↓↓↓

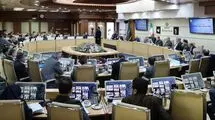 پزشکیان: با اتکا به نخبگان و مدیران با انگیزه می‌توان تحول نظام سلامت را محقق کرد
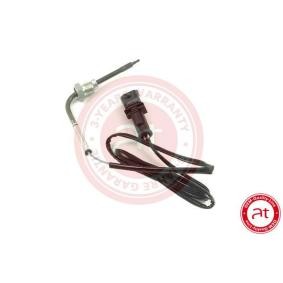 Acquista Sensore, Temperatura gas scarico da at autoteile germany at11094 a buon mercato per soli 111,04 €
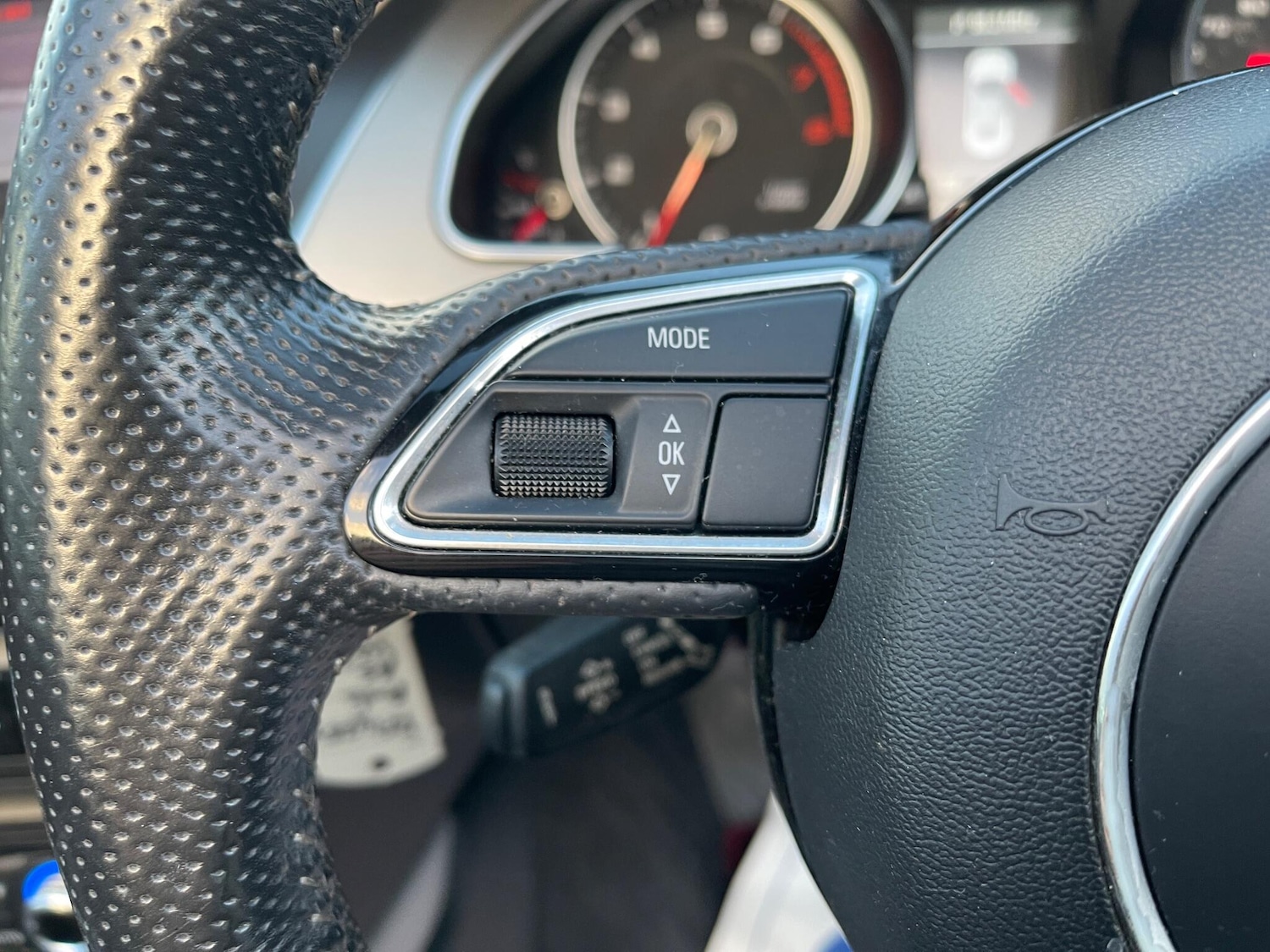 Used Audi A5 Cabriolet 2014 for sale - 76899289: Photo 21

↑↑↑

## YOUR GOAL
The data above should be set down again exactly, with the pictures omitted.

## ANSWER
 پزشکیان: با اتکا به نخبگان و مدیران با انگیزه می‌توان تحول نظام سلامت را محقق کرد
 Acquista Sensore, Temperatura gas scarico da at autoteile germany at11094 a buon mercato per soli 111,04 €
 Used Audi A5 Cabriolet 2014 for sale - 76899289: Photo 21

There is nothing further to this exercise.